To gain acceptance for the theory, the Left and associated religious groups have been recently manufacturing historical records and archaeological evidence
Since last one decade the left and liberals in India have been consistently arguing that India is a multi-cultural, multi-ethnic society. After the early theory of multi nationalism in India put forward by the left failed, their new agenda is the indoctrination of multiculturalism.. At a seminar organised by the AKG Centre for Research and Studies to commemorate the first death anniversary of EMS Namboodiripad in 1999, Marxist idealogues stressed on the need of multiculturalism in India. Delivering the keynote address on ‘Future of secular democracy and the media’, N Ram, the editor of Frontline, said, “India is nothing if it is not multi-ethnic, multi-linguistic, multi-religious, multi-cultural and multinational.” Multiculturalism is the major tool of left historians as evident from a lecture delivered at Left-controlled Kerala Council of Historical Research in Kerala on March 2002 by Romila Thapar. Amartya Sen’s 2006 treatise Identity and Violence: The Illusion of Destiny puts forward the concept of multiple identity and roles at the individual level as a critique of Samuel Huntington’s seminal work The Clash of Civilizations. In November 2010, Marxist historian Perry Anderson was invited by the Left government to speak on ‘Multiculturalism in a Globalised World’ at the University of Kerala. In 2010, at the International Seminar on Languages organized by the Left government in Kerala a principal invitee was Yusuf Al-Quradawi, a Qatar-based Islamic scholar, who also allegedly served as the intellectual basis for the al-Qaida.

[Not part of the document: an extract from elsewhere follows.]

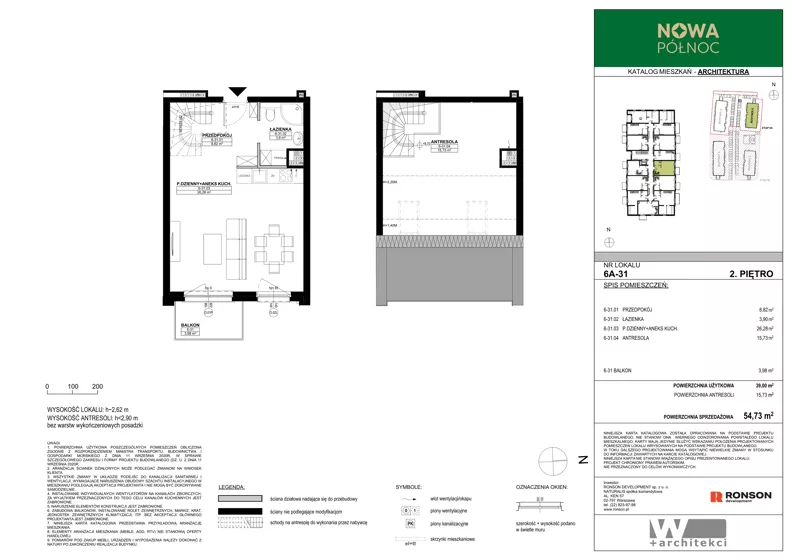 3 pokoje, mieszkanie 54,73 m², piętro 2, oferta nr 6A-31, Nowa Północ 2A, Szczecin, Północ, Stołczyn, ul. Sobola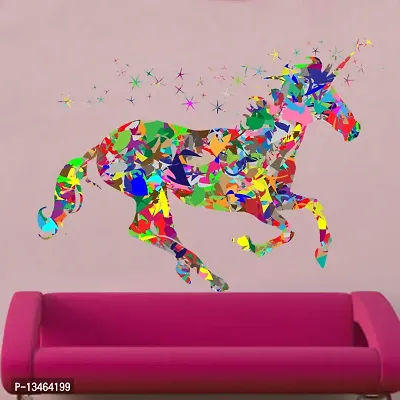 Sky Decal Multicolour Horse Wall Sticker for Home Decor (PVC Vinyl Covering Area 43cm X 58cm)-thumb2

India’s cultural diversity has sustained and is preserved by its integrating unity. Had this unity been non-existent, India’s diversity would never have blossomed. Had this unity perished, the diversity of India would have been wiped out long back. She has practised this tradition of pluralism giving birth to 108 Upanishads instead of one, various systems of philosophy instead of one, six major religious cults and numerous minor ones instead of one and a plethora of deities instead of single dominating deity. Inter religious treaties, agreement, settlements, pacts, accords, and concords are yet unknown in India. The zealous propaganda for multiculturalism by the Left and liberals in India has to be discarded. What the world has discarded cannot be imported into India to be enshrined in its socio political framework. When the Aryan invasion theory failed, it was replaced with Aryan migration. After Aryan Dravidian invasion and migration theories failed, it is now substituted with multiculturalism. To gain acceptance for the theory, the Left and associated religious groups have been recently manufacturing historical records and archaeological evidence.
This has much relevance since the idea of nation and nationhood has been the seminal theme of recent debates and disputes. There is an emerging trend to truncate and wipe out national consciousness with multiculturalism.